PALMISANO: “Where is the video going?”

SANDERS: “The video is kept internal. It’s more of an evidence type capture. It’s not going to be put on the internet or anything like that. It’s keep internal [and stored] on a hard drive here in our evidence fault.

PALMISANO: “How will the technology be used in the field?”

SANDERS: “Basically you push a button on a box that’s attached to their belt and the camera is attached to the sunglasses. It’s not going to record all the time. Our policy is more than likely going to be, and this is just a trail stage at this point, that any radio call for service [and] anything we are actually dispatched to will require the officer to activate the camera.

PALMISANO: “What has the feedback been from your officers?”

SANDERS: “So far it’s been really great.

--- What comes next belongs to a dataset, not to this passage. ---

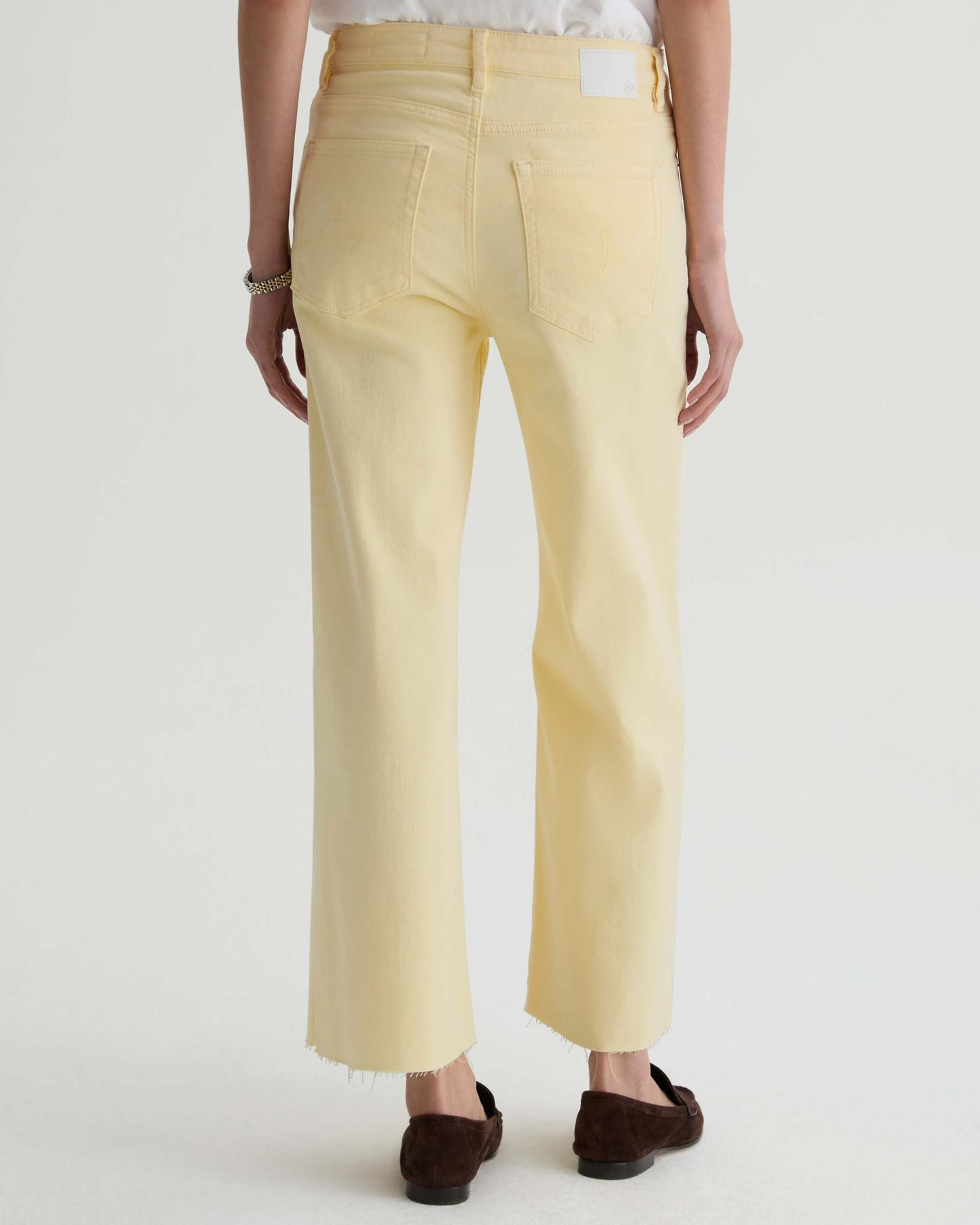Person wearing light yellow pants on a white background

It has allowed them to critique themselves for safety and how they speak to the public. It has also allowed them to review the audio and video when they’re writing their reports to make a more accurate report. 

PALMISANO: “How long will the testing of this technology be going on for? 

SANDERS: “We’re going to test this system for 30 days. We just started it last week and by August we should probably have another system in to try it out. So it would be 30 days at a time with each system.”